What this task involves => Make an exact copy of the listing, without images.

Provided data =>
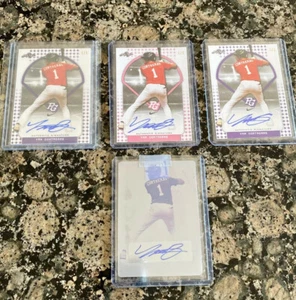 2018 Yan Contreras Leaf Perfect Game Auto Cards 1/1 One Of One & Print - Used Plate - Bild 1 von 10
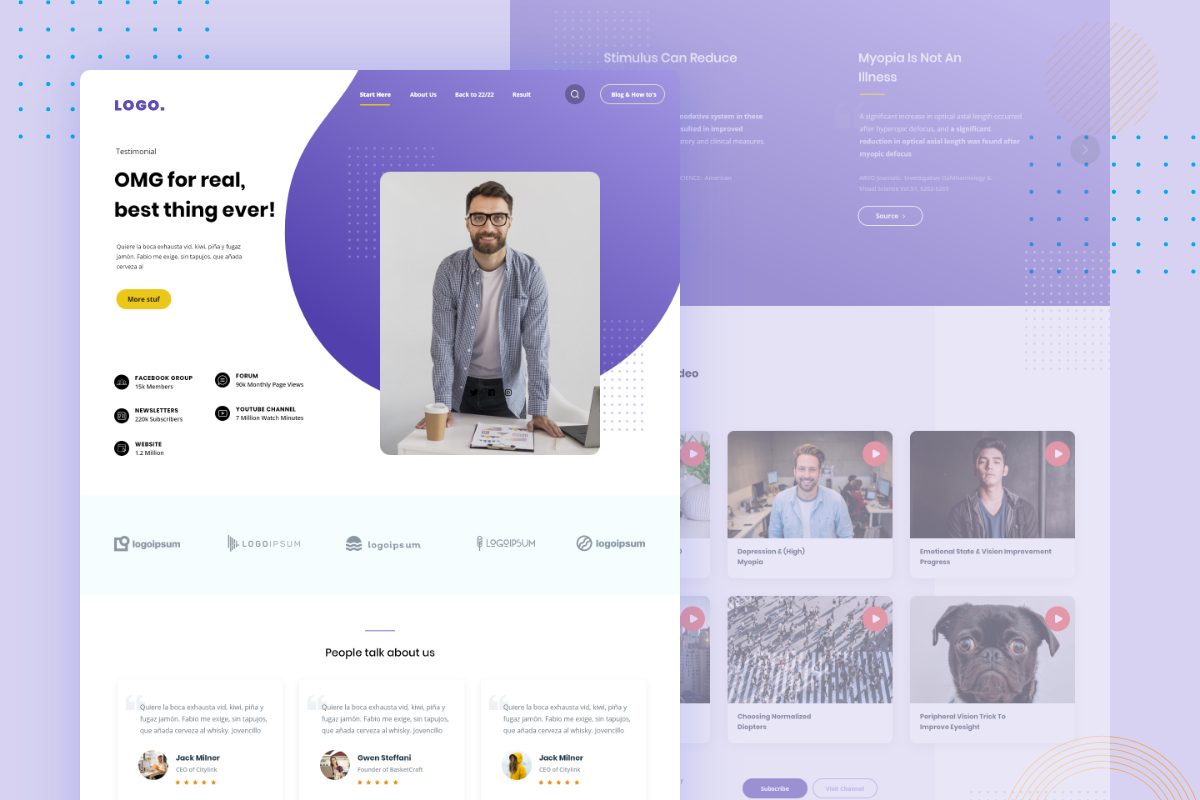 Digital Marketing Agency Landing in Landing Page Templates - product preview 8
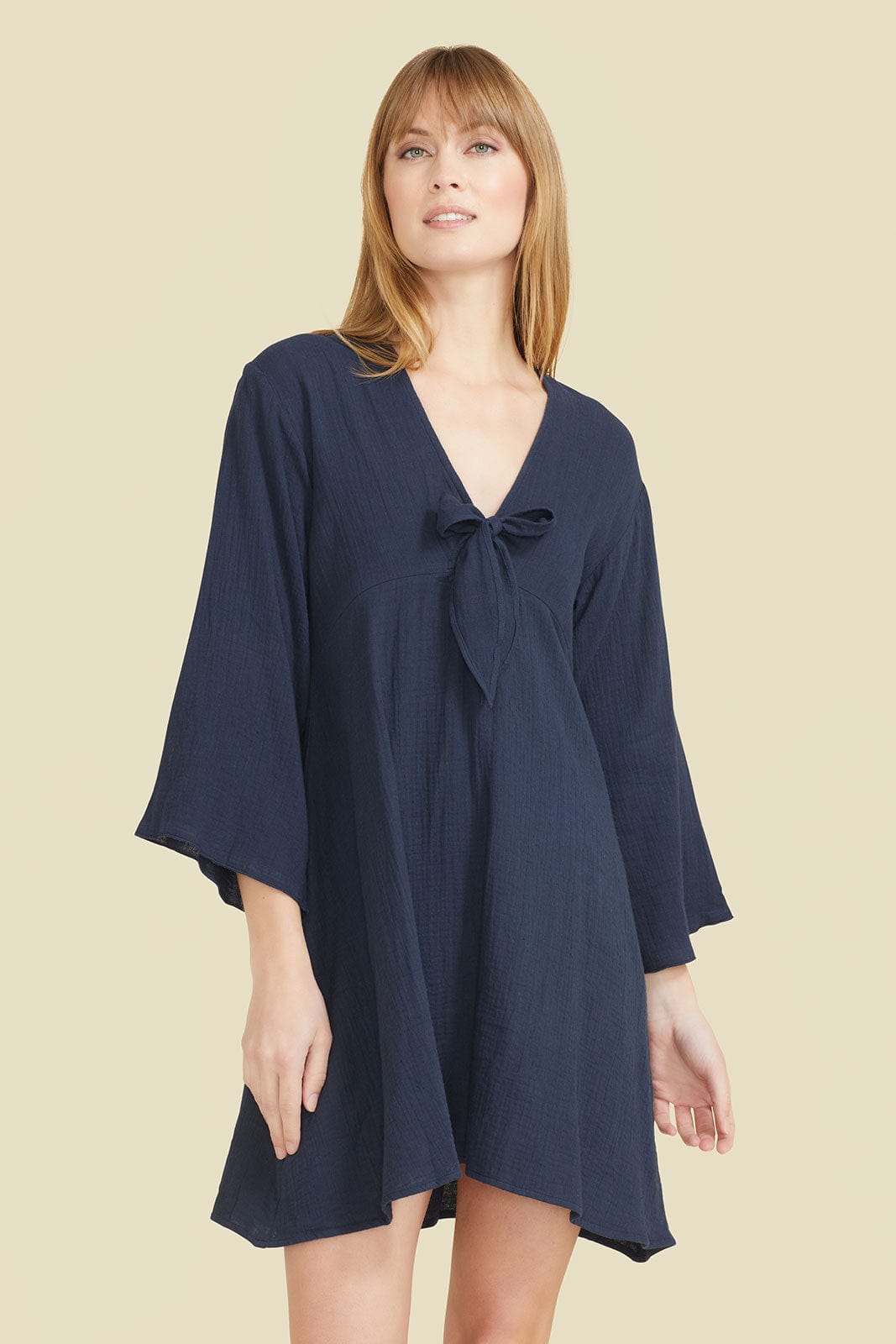 SITANO Gemma Dress - Navy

Exercise output =>
 2018 Yan Contreras Leaf Perfect Game Auto Cards 1/1 One Of One & Print - Used Plate - Bild 1 von 10
 Digital Marketing Agency Landing in Landing Page Templates - product preview 8
 SITANO Gemma Dress - Navy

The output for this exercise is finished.